DIRECTIONS FOR THIS TASK
Print the listing below only from the line that has "le bureau de tabac" through the line that has "Breter USB autós töltő fehér AP781922-01", exactly, and drop any picture.

RECORDS FOR THE TASK
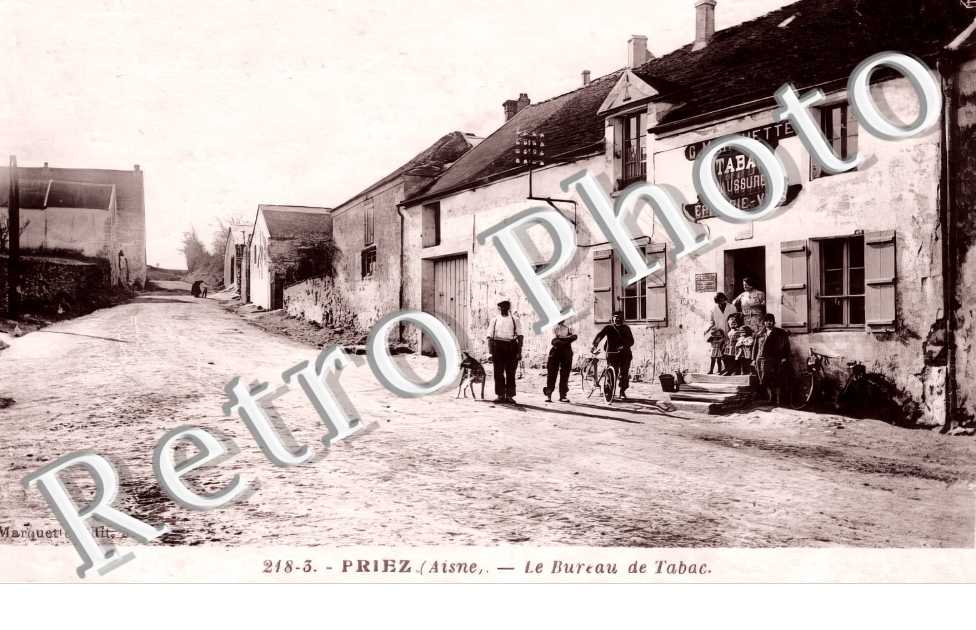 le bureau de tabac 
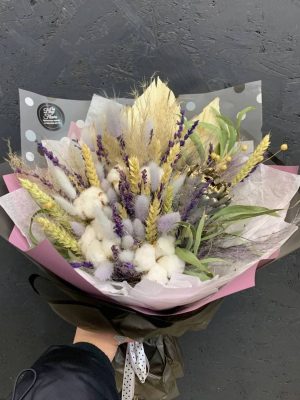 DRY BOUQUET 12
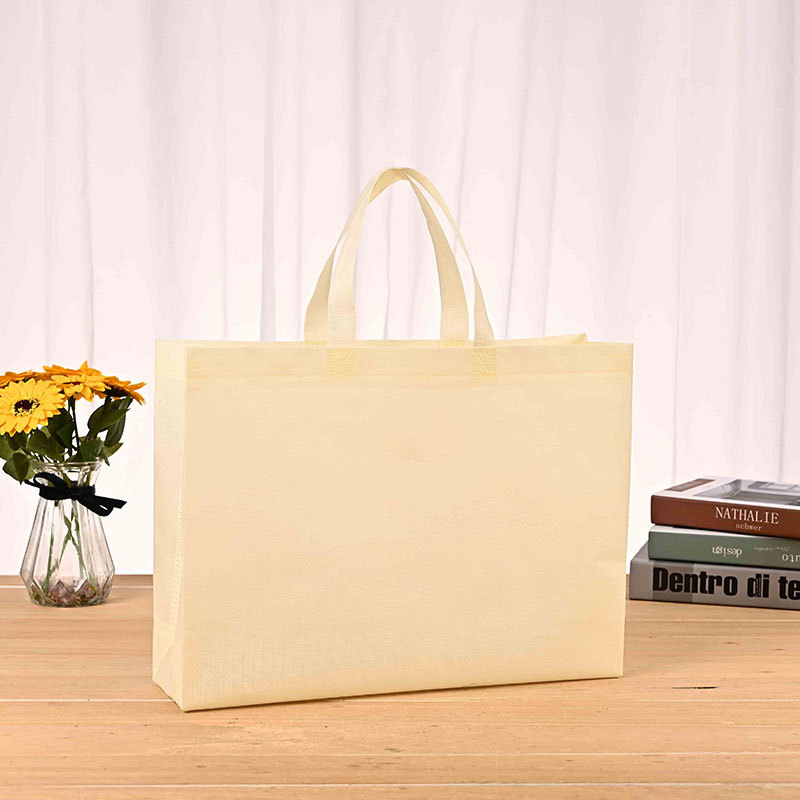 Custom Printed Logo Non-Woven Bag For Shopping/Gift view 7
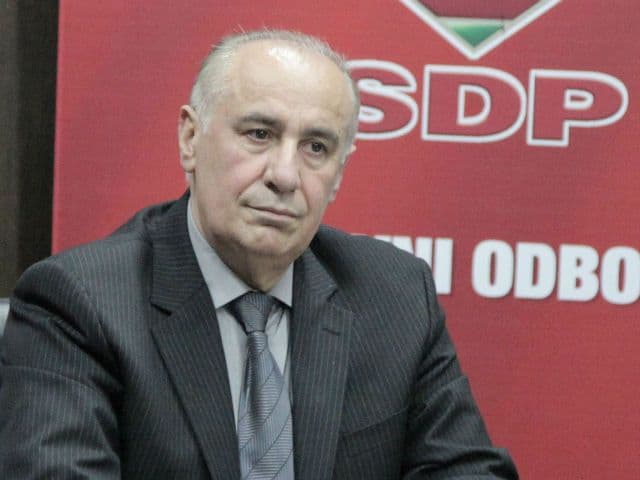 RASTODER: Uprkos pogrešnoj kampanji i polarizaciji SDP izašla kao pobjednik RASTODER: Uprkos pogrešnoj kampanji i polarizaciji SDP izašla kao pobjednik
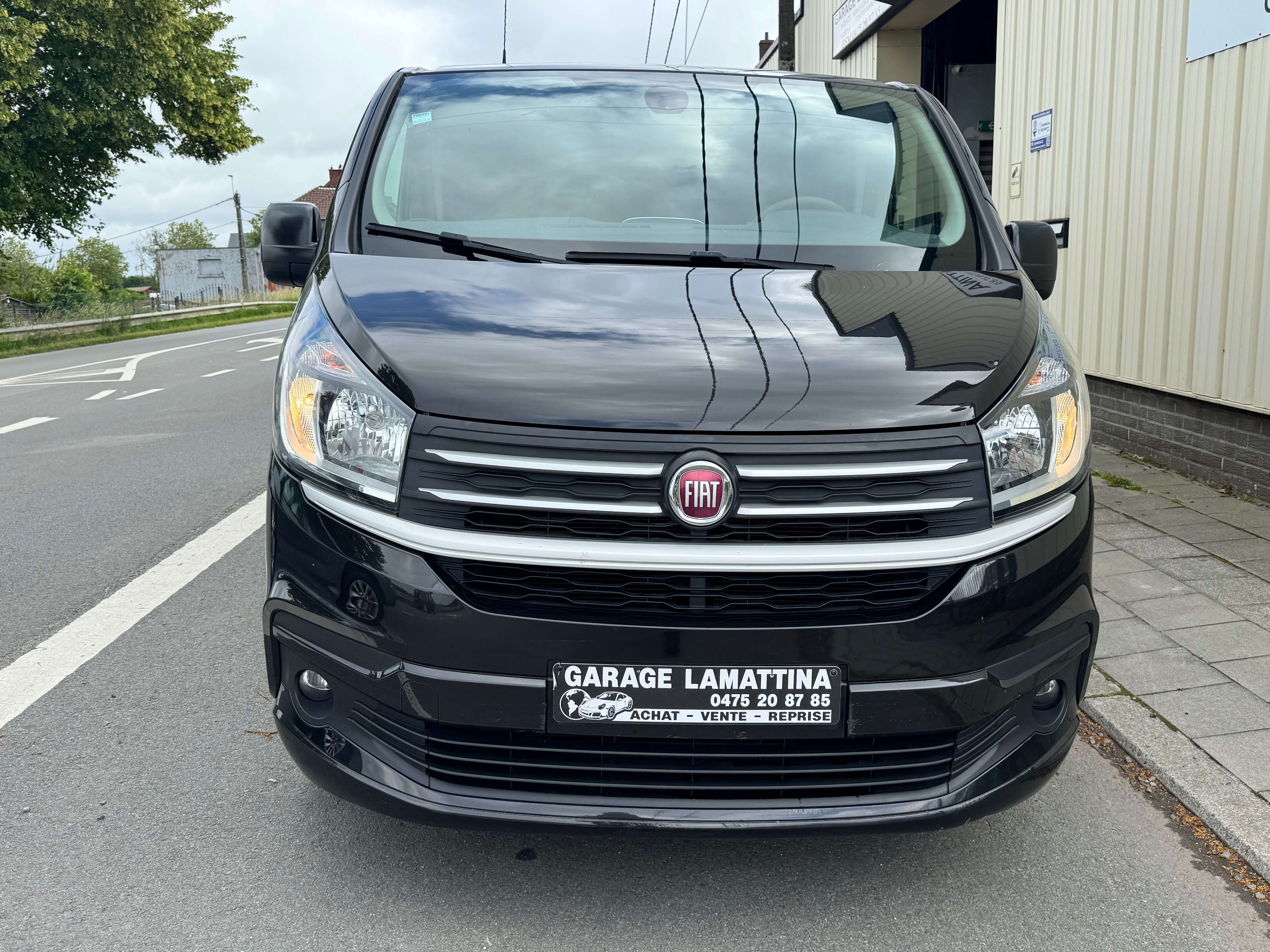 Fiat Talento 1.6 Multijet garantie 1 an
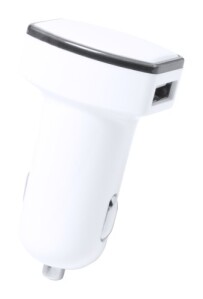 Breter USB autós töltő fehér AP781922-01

--

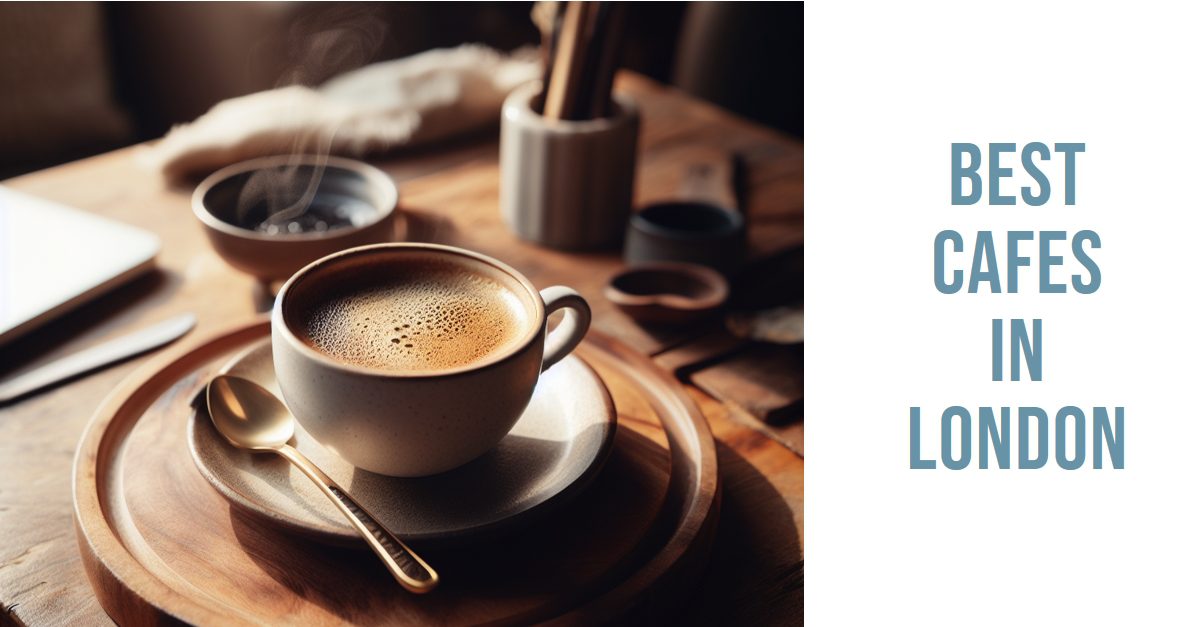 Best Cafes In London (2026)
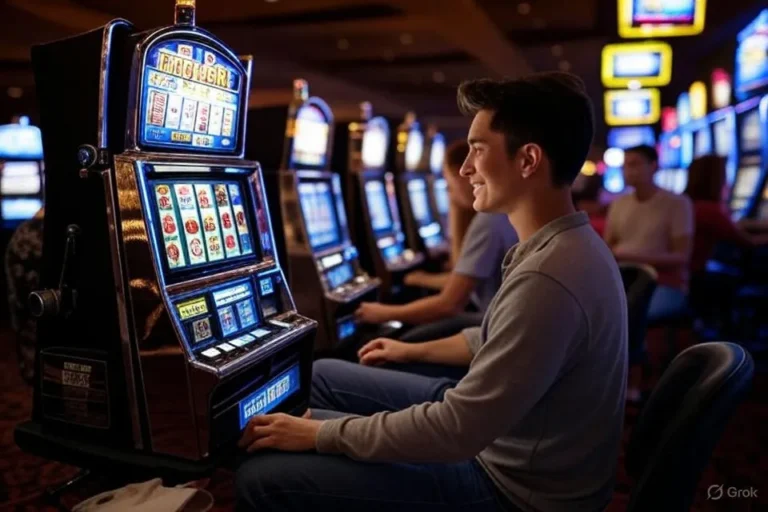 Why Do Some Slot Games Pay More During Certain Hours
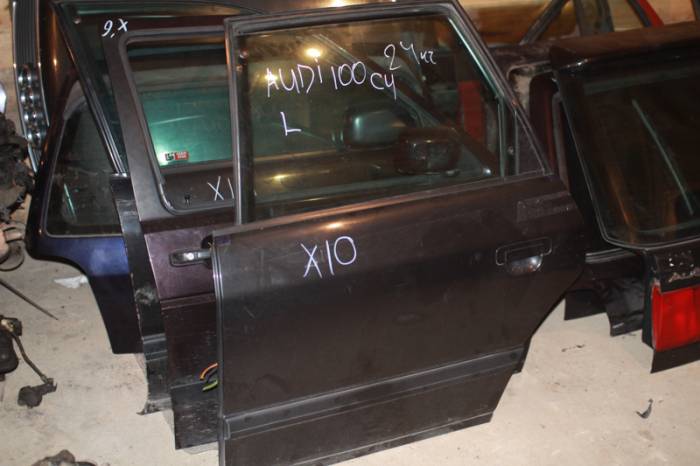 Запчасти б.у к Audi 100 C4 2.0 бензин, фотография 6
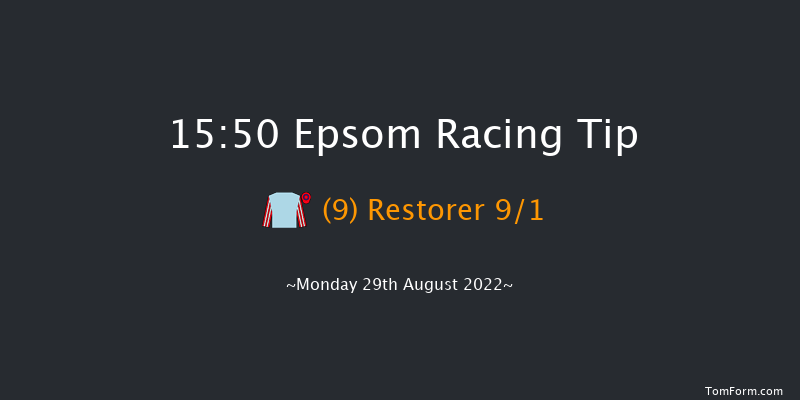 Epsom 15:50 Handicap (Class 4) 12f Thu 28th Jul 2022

---

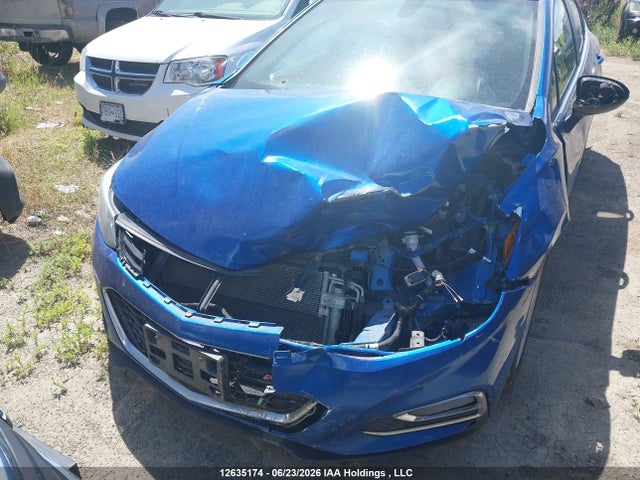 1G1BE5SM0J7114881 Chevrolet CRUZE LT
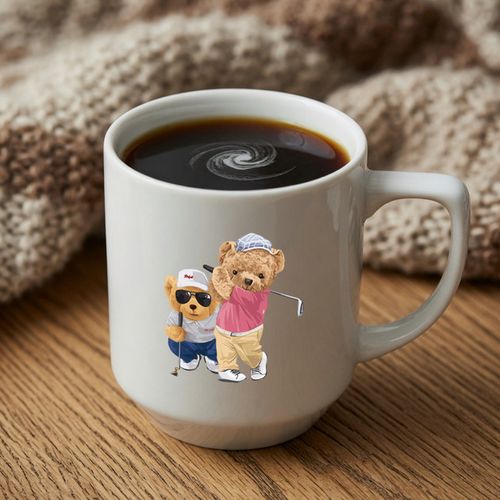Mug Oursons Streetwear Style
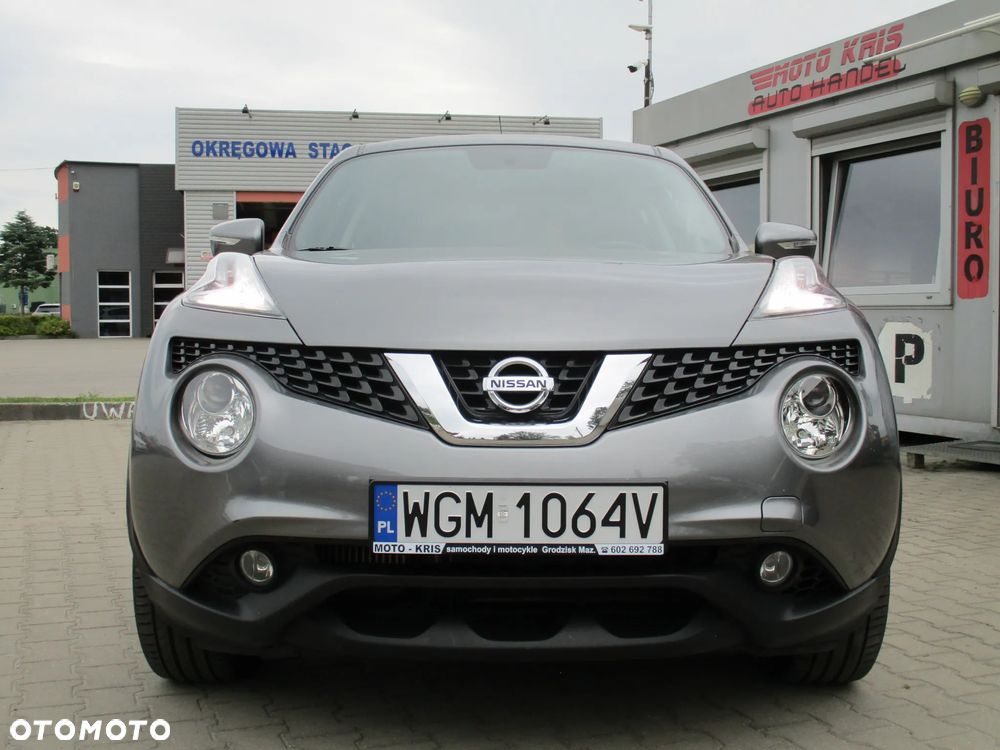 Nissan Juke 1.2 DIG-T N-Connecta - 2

ANSWER BOX
 le bureau de tabac 
 DRY BOUQUET 12
 Custom Printed Logo Non-Woven Bag For Shopping/Gift view 7
 RASTODER: Uprkos pogrešnoj kampanji i polarizaciji SDP izašla kao pobjednik RASTODER: Uprkos pogrešnoj kampanji i polarizaciji SDP izašla kao pobjednik
 Fiat Talento 1.6 Multijet garantie 1 an
 Breter USB autós töltő fehér AP781922-01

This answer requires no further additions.